Controversy is swirling around a bill put forward by state Assemblywoman Marge Markey (D−Maspeth) after news reports said the bishop in charge of the Brooklyn−Queens Diocese threatened to close churches in legislators’ districts if it passed.
Markey’s bill, Assembly 2596, would suspend the statute of limitations on child molestation lawsuits for a year before extending the limit to 10 years after the victim turns 18.
“Opponents of her bill seem to be more concerned about their assets than about children,” said Markey spokesman Mike Armstrong.
Among the elected officials at the Oct. 21, 2008, legislative breakfast at the Brooklyn home of Bishop Nicholas DiMarzio was state Sen. Joseph Addabbo (D−Howard Beach), who confirmed the bishop said several churches in the diocese would likely close if the bill were to pass.
Citing anonymous sources, the New York Post reported DiMarzio told attendees the diocese would publicly blame them for the closures.
“The bishop was very clear in expressing his serious concern,” Addabbo said. “It would cause severe financial hardship on the ... Queens Diocese. ... To him it was all about the finances, and he expressed his concern that way. It was the first time personally that I heard the frustration come out in the bishop.”
The Rev. Kieran Harrington, spokesman for the diocese, denied DiMarzio’s comments were meant as a threat.
“Anytime he has been asked, he has very publicly said this bill is going to have dire consequences for our diocese,” he said, estimating the bill could cost them as much as $500 million in legal fees and settlements. “Dire consequences means that we would not be able to sustain our parishes and schools.”
The issue is further clouded by a competing bill in the Assembly, sponsored by Assemblyman Vito Lopez (D−Brooklyn). Lopez’s bill would extend the statute of limitations on molestation lawsuits to seven years after the victim turns 18, as opposed to the 10−year extension Markey’s bill proposes.

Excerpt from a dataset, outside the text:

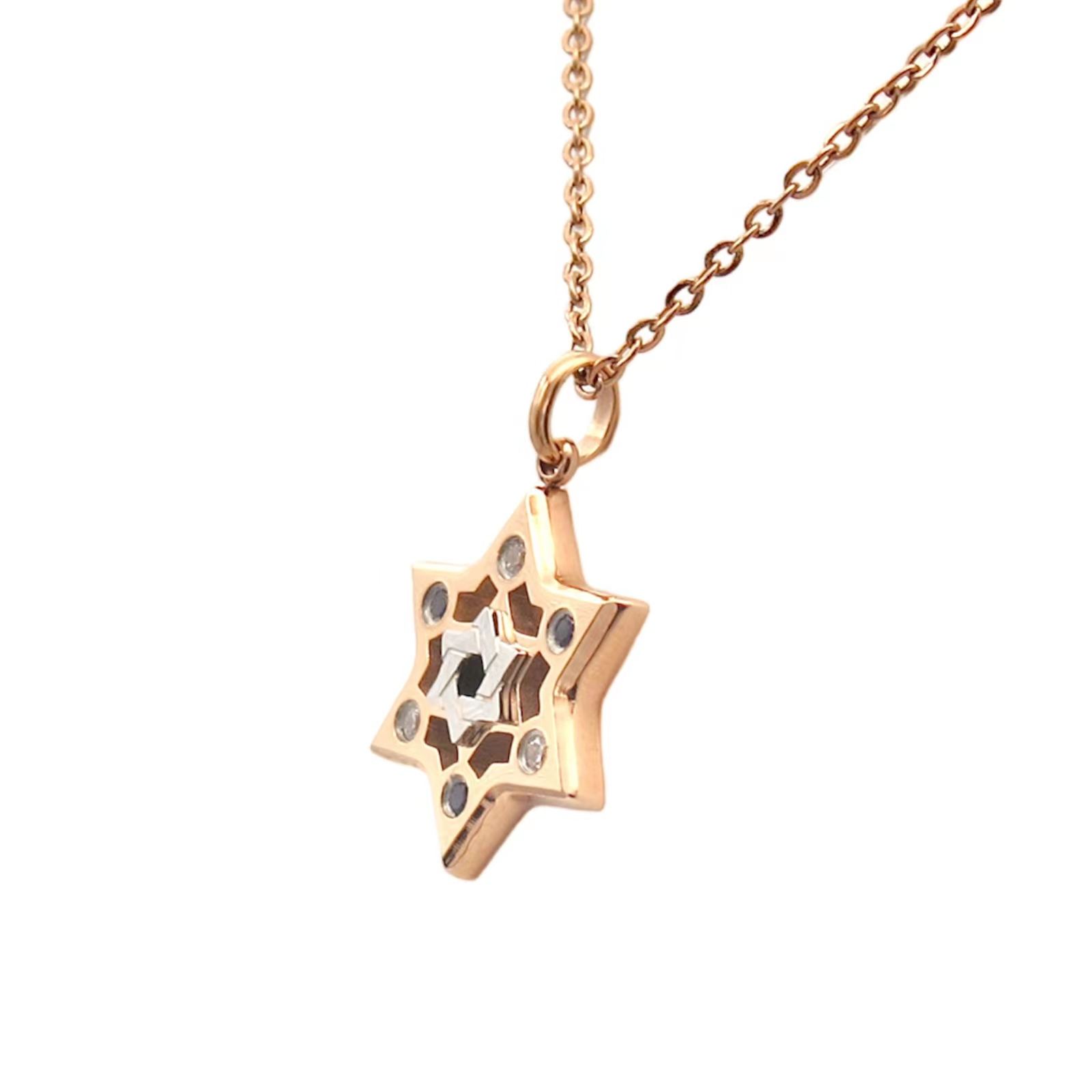 Silver+gold/Rose Gold+Silver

Lopez’s bill would also waive for sex abuse cases the 90−day window plaintiffs have to sue a public employee or agency for damages after an alleged injury, allowing public school students who claim to have been molested years ago to seek redress.
Neither bill has reached the Assembly floor, with only two weeks left in this year’s legislative session.

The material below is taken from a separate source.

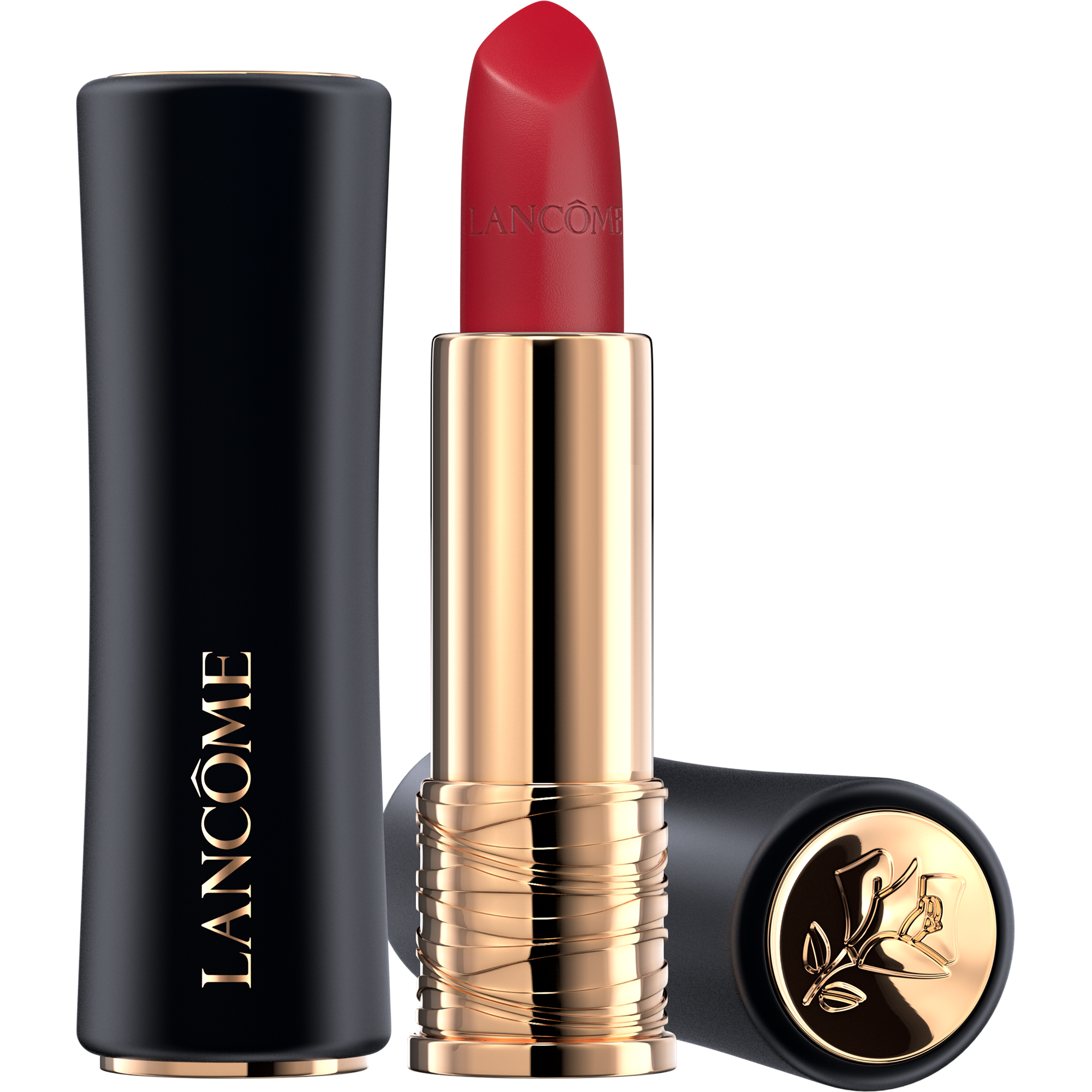 Rouge à Lèvres Mat Poudré - TenueConfort Longue Durée |- 82 Rouge Pigalle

Harrington said the Brooklyn−Queens Diocese supported Lopez’s bill.
“It’s curious to me that so many people are attacking the church on this legislation when, in fact, there is a verging problem in our public educational institutions and there doesn’t seem to be concern for that,” Harrington said.
Assemblyman Jose Peralta (D−Jackson Heights), who was not at the legislative breakfast in October but who counts many Catholics among his constituents, said he has received numerous calls from both clergy and parishioners.
“They’re doing all that they can to make sure that this doesn’t come to the floor and if it does come to the floor, it fails,” he said, noting he was not in favor of selectively extending the statute of limitations.
“I think the Lopez bill is more of a tactic being used to sort of defuse the Markey bill,” Peralta said. “At the end of the day, I think the church doesn’t even want the Lopez bill. I think what they are doing is sort of saying we have to choose the lesser of two evils.”